Written by Annabel OConnor-Fenton | Nov 5, 2014 12:00:00 AM

Mike Leigh’s film ‘Mr. Turner’ explores the last quarter century of British artist J.M.W Turner’s life.

In reconstructing each of Turner’s environments Thin Man Films aimed to be as authentic as possible and so, for the Royal Academy Varnishing Day scene, this involved reproducing works that would have been there using a catalogue from the exhibition of 1832.

 Click on the image  for exclusive behind the scenes footage of how the art department brought Turner’s paintings to life

 

Mr.
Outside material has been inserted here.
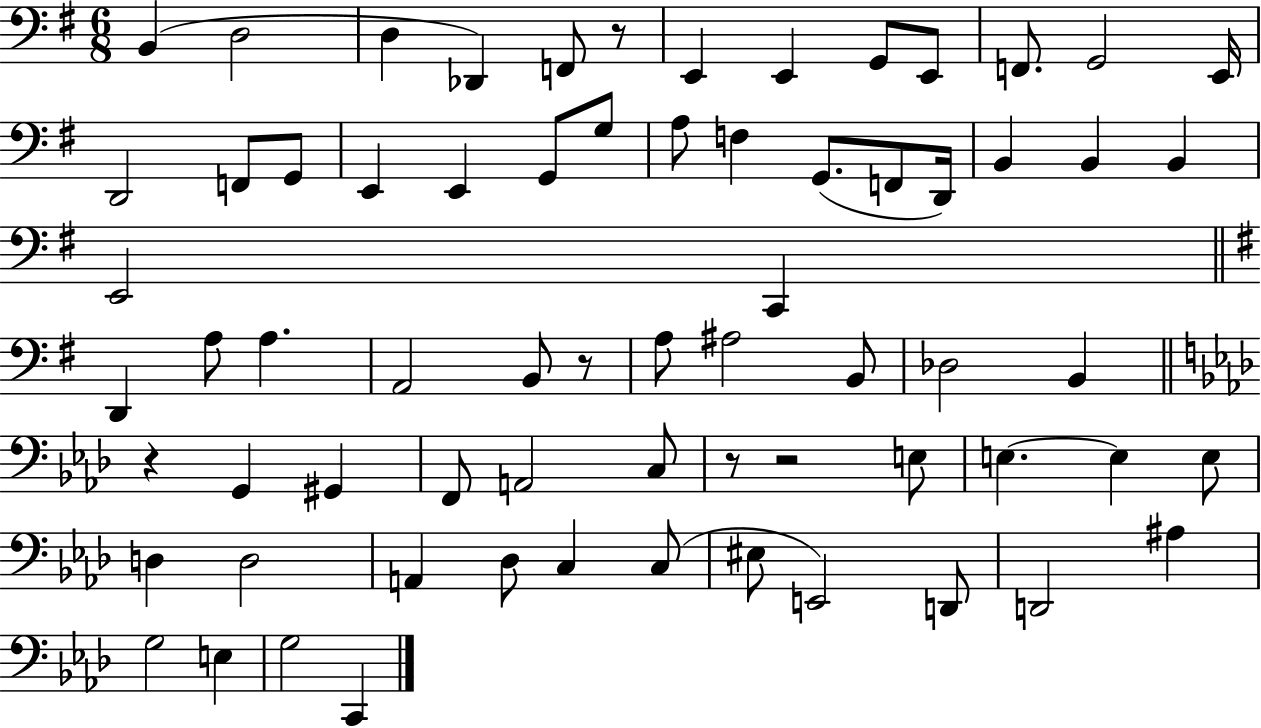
B2/q D3/h D3/q Db2/q F2/e R/e E2/q E2/q G2/e E2/e F2/e. G2/h E2/s D2/h F2/e G2/e E2/q E2/q G2/e G3/e A3/e F3/q G2/e. F2/e D2/s B2/q B2/q B2/q E2/h C2/q D2/q A3/e A3/q. A2/h B2/e R/e A3/e A#3/h B2/e Db3/h B2/q R/q G2/q G#2/q F2/e A2/h C3/e R/e R/h E3/e E3/q. E3/q E3/e D3/q D3/h A2/q Db3/e C3/q C3/e EIS3/e E2/h D2/e D2/h A#3/q G3/h E3/q G3/h C2/q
Turner and the Royal Academy Exhibition

Archives and museums provided high resolution digital images of the pictures which their art department printed onto canvases at their actual size which they then framed, applying varnish to make them resonate.

This was an ambitious project as it involved replicating between 200-350 paintings for one scene. 

Watch exclusive behind the scenes footage of how the art department brought replicas of Turner’s paintings and those by his contemporaries to life.      

 

 Helvoetsluys (1832) by J.M/W Turner (1775-1851)
© Tokyo Fuji Art Museum / Bridgeman Images
 A scene from the film

 

One of the famous anecdotes about Turner presented on film is the incident at the 1832 Royal Academy Exhibition in which Turner’s varnishing day antics led to a clash with John Constable, whose painting was hung next to Turner’s ‘Helvoetsluys; – the City of Utrecht’.  Turner’s last minute addition of a red ‘blob’ of paint onto his seascape – which he then fashioned into a buoy – was deemed to show up Constable’s work as overblown and over-painted.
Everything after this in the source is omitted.